Acetylcholine receptors (AChR) are expressed on muscle membranes and are responsible for the reception of signals from nerves that stimulate muscle contraction. Myasthenia gravis (MG) is a neuromuscular disease that is the result of impaired muscle contraction caused by autoantibodies directed at the AChR. However, circulating serum titers of anti-AChR antibodies do not correlate well with disease severity in patients with MG and this lack of correlation has led to the search for other factors which may help determine eventual disease severity.
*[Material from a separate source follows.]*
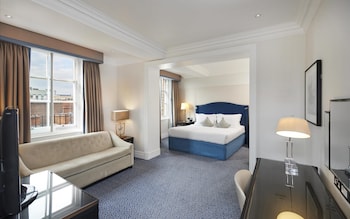 Family Suite, 1 King Bed (Wonderland)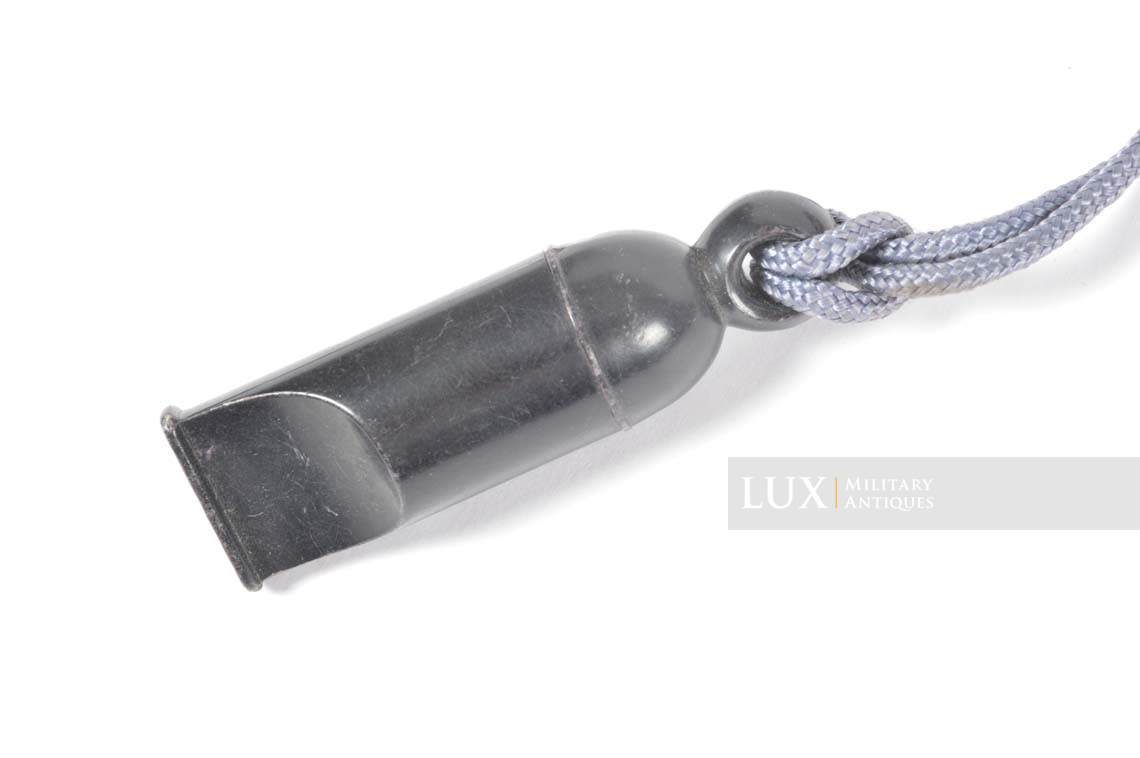 Unissued Luftwaffe NCO/Officers whistle, « WL » - photo 9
Therefore, it is our hypothesis that muscle is not a passive participant in the development of disease symptoms in MG and, in fact, plays a very important active role by producing immunomodulating factors that can influence the eventual immunopathological impact of the immune system on muscle. The experimental rat model for MG is to be used to test this hypothesis. Accordingly, Lewis rats are to be immunized with purified AChR which results in the production of anti-AChR antibodies and Experimental Autoimmune Myasthenia Gravis (EAMG). Studies will focus on the production of, and responses to, cytokines by muscle cells in rats with EAMG. In this regard, muscle cell lines will be exposed in vitro to selected cytokines in the presence or absence of anti-AChR antibodies derived from Lewis rats. The readout will be the induction of myocyte products with immunomodulating activities (i.e., cytokines, chemokines, membrane interaction molecules). Similarly, myocyte cell lines derived from a rat strain known to be resistant to the induction of EAMG (Wistar Furth) will be evaluated for differences in myocyte responses that would explain differences in disease susceptibility. Conclusions based on in vitro observations will then be verified in AChR-immunized Lewis rats during the induction phase of the immune response, as well as in rats that have received pre-formed anti-AChR antibodies known to possess differing abilities to induce disease symptoms.

National Institute of Health (NIH)
National Institute of Neurological Disorders and Stroke (NINDS)
Research Project (R01)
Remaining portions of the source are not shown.